[Excerpts from a dataset]
- Opening Delimiter -

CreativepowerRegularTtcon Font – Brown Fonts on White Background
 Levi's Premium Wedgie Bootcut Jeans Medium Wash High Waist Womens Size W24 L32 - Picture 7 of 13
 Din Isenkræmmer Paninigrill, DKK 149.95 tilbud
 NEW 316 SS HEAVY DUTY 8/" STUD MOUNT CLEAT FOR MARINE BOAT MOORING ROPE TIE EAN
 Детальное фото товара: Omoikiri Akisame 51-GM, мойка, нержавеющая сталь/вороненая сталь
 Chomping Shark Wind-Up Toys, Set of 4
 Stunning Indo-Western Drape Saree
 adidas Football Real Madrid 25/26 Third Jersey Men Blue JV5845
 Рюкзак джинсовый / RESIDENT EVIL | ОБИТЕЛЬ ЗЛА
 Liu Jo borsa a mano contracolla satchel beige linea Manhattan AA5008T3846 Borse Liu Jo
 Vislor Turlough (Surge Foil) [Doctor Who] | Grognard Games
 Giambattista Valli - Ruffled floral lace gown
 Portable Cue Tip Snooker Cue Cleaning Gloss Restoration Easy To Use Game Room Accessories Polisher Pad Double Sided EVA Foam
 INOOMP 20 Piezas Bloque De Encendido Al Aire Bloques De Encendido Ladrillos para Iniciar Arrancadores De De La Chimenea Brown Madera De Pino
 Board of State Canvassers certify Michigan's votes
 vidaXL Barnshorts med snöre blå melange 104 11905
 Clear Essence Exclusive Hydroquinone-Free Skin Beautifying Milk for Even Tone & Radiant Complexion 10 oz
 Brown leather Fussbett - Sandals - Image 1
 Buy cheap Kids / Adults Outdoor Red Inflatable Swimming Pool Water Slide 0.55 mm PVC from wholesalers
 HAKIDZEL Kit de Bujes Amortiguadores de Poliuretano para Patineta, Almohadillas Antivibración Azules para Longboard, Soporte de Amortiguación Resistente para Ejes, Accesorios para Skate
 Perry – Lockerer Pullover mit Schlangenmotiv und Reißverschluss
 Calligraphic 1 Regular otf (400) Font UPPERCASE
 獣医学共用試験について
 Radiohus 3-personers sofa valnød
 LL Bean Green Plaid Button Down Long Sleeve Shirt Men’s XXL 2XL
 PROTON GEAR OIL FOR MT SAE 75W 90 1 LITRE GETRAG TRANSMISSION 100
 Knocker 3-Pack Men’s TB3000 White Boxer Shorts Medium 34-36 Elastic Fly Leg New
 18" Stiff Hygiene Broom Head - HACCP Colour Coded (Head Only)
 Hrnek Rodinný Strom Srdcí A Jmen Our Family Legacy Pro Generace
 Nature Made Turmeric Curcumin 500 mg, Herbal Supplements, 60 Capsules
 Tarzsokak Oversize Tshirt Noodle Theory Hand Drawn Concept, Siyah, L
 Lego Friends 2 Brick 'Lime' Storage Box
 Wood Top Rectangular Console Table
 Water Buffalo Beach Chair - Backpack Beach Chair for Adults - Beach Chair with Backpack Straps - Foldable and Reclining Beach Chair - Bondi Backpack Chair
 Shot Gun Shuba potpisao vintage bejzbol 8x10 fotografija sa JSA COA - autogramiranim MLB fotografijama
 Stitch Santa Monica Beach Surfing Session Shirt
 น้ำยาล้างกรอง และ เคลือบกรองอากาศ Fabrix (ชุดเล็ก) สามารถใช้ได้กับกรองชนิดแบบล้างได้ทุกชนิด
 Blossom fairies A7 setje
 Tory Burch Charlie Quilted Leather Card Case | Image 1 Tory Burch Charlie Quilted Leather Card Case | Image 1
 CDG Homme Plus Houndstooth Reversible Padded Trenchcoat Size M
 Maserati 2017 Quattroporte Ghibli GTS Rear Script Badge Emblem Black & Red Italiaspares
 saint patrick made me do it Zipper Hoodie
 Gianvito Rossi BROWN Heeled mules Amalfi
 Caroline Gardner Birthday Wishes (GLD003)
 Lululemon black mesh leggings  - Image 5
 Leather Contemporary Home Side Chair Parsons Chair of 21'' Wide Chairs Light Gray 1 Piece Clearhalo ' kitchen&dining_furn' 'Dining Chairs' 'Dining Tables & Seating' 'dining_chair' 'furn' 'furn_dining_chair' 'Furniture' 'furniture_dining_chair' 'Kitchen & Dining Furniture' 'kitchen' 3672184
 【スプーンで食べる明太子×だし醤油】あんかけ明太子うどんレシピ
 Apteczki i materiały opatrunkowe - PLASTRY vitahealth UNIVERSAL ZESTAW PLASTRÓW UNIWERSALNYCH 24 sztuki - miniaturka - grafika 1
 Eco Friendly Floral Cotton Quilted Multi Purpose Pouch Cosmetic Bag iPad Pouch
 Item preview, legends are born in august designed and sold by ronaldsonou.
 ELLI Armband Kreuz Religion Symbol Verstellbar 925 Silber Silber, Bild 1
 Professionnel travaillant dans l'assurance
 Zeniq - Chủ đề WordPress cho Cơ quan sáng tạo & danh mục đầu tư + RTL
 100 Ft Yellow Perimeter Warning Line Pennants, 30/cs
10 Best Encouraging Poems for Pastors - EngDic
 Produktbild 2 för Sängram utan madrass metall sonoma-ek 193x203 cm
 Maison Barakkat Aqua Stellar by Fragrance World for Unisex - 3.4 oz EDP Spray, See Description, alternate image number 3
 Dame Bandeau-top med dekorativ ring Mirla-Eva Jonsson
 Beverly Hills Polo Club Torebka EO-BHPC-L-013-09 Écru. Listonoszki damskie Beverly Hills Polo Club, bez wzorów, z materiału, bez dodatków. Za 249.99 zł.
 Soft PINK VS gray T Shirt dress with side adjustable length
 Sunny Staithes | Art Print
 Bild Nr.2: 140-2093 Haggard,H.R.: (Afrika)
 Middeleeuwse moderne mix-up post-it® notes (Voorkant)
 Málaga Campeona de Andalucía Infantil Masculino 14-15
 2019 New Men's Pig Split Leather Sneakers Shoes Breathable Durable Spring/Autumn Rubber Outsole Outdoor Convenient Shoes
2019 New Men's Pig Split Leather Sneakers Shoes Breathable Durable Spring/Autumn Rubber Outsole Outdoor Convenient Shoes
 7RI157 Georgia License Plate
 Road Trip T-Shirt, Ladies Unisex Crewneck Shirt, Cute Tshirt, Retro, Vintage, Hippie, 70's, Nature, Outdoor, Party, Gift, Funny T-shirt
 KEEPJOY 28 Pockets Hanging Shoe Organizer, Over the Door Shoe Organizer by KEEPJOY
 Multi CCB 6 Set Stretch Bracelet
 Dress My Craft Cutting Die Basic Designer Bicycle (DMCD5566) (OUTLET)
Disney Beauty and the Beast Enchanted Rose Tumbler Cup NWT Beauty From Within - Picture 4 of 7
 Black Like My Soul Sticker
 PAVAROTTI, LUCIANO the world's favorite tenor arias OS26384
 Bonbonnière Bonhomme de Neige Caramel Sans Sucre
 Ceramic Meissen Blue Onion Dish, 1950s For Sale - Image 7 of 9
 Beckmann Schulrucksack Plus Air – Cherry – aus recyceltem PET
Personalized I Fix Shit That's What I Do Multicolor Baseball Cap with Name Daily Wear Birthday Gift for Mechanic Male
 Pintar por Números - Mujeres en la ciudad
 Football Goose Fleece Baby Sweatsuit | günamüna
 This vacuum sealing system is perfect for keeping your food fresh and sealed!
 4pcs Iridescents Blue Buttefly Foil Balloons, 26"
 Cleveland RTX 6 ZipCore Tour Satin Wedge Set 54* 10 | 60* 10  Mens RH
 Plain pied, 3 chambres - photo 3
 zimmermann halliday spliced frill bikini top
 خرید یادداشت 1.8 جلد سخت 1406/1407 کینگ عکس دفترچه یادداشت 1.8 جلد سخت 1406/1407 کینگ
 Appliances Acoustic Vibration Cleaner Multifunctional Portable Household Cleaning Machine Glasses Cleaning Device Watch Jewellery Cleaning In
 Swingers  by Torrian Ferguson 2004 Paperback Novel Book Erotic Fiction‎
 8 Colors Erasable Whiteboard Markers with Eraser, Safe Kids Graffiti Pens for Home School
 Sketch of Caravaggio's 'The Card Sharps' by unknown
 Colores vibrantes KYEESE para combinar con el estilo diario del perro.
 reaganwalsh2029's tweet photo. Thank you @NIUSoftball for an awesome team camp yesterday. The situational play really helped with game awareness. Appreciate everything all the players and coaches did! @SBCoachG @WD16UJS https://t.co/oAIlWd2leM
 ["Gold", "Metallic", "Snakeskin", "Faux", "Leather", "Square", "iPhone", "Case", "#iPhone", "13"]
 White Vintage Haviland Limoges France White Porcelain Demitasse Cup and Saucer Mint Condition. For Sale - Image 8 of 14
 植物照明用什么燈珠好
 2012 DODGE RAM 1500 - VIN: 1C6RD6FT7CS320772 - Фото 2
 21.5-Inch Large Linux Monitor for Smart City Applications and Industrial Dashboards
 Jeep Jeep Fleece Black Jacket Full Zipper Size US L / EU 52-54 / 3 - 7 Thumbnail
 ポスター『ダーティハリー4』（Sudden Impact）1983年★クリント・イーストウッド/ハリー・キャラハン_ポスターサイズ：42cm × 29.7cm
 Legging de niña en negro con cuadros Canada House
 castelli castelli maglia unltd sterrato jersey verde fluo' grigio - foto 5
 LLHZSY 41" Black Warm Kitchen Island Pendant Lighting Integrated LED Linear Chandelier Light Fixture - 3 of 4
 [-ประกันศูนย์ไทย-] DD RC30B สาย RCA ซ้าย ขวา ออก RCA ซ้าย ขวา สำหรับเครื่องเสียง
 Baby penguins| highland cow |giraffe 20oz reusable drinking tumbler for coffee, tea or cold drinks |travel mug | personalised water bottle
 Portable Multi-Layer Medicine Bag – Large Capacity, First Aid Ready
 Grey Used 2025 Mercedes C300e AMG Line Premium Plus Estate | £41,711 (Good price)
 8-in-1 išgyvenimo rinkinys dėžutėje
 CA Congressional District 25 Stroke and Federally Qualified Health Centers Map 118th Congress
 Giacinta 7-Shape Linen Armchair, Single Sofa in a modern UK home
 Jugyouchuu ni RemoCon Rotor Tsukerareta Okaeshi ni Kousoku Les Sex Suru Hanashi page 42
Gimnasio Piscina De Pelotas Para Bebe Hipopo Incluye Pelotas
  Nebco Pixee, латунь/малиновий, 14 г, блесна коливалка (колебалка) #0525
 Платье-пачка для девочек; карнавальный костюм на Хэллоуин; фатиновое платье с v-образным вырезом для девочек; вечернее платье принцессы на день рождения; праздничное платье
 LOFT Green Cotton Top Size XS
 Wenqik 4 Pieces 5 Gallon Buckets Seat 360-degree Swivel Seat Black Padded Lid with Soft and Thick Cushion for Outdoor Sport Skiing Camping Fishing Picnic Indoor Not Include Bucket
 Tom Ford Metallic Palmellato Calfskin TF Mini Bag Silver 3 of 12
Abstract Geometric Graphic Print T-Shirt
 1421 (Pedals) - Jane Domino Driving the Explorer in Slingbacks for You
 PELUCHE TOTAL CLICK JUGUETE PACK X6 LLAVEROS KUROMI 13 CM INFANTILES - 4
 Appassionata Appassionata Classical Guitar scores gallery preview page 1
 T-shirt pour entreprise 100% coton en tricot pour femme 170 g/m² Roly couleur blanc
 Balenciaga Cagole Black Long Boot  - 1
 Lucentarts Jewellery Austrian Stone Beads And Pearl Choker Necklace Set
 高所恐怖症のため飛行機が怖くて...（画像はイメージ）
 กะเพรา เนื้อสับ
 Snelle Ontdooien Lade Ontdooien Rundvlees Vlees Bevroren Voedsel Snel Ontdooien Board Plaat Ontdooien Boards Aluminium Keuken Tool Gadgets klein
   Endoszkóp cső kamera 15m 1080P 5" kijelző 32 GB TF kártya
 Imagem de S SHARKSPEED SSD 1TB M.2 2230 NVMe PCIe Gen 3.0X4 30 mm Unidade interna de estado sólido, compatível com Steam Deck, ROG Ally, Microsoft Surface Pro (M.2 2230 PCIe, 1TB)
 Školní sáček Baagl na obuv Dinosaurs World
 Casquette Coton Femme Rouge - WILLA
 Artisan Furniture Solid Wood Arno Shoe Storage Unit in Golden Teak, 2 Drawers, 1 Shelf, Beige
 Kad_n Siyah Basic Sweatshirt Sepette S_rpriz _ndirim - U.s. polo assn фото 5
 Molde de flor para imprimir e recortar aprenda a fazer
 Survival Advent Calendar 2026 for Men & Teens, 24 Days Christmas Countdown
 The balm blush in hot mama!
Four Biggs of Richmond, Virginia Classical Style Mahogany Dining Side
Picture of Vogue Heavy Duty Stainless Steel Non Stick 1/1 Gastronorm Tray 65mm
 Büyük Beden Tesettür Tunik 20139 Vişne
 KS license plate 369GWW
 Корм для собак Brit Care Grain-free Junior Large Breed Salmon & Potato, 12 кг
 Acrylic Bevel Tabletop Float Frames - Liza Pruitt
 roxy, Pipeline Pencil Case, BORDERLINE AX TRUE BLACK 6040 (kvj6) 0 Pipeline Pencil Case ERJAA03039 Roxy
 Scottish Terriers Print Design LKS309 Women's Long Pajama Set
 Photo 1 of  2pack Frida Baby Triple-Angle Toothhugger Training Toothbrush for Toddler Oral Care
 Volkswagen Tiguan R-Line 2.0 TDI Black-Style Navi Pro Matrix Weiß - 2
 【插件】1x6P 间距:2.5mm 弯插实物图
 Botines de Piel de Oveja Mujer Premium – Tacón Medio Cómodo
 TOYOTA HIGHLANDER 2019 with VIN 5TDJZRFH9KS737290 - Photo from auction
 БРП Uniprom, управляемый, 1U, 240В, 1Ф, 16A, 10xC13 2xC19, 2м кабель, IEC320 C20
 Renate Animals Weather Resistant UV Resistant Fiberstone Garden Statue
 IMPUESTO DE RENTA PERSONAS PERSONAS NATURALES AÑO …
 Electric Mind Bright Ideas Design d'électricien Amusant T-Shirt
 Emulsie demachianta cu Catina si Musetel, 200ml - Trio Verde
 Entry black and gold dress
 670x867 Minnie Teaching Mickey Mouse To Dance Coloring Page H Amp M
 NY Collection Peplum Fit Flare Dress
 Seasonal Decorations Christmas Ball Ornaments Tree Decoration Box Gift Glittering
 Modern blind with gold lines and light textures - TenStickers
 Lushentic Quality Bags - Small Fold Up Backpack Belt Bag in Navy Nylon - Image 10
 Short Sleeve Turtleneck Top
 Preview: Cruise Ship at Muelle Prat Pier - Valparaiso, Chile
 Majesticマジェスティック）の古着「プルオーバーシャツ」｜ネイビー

- Closing Delimiter -

[Required action] What are the lines above, starting at the one with "Корм для собак" and ending at the one with "Seasonal Decorations Christmas"? Give them again exactly, and only them.

[Reply]
 Корм для собак Brit Care Grain-free Junior Large Breed Salmon & Potato, 12 кг
 Acrylic Bevel Tabletop Float Frames - Liza Pruitt
 roxy, Pipeline Pencil Case, BORDERLINE AX TRUE BLACK 6040 (kvj6) 0 Pipeline Pencil Case ERJAA03039 Roxy
 Scottish Terriers Print Design LKS309 Women's Long Pajama Set
 Photo 1 of  2pack Frida Baby Triple-Angle Toothhugger Training Toothbrush for Toddler Oral Care
 Volkswagen Tiguan R-Line 2.0 TDI Black-Style Navi Pro Matrix Weiß - 2
 【插件】1x6P 间距:2.5mm 弯插实物图
 Botines de Piel de Oveja Mujer Premium – Tacón Medio Cómodo
 TOYOTA HIGHLANDER 2019 with VIN 5TDJZRFH9KS737290 - Photo from auction
 БРП Uniprom, управляемый, 1U, 240В, 1Ф, 16A, 10xC13 2xC19, 2м кабель, IEC320 C20
 Renate Animals Weather Resistant UV Resistant Fiberstone Garden Statue
 IMPUESTO DE RENTA PERSONAS PERSONAS NATURALES AÑO …
 Electric Mind Bright Ideas Design d'électricien Amusant T-Shirt
 Emulsie demachianta cu Catina si Musetel, 200ml - Trio Verde
 Entry black and gold dress
 670x867 Minnie Teaching Mickey Mouse To Dance Coloring Page H Amp M
 NY Collection Peplum Fit Flare Dress
 Seasonal Decorations Christmas Ball Ornaments Tree Decoration Box Gift Glittering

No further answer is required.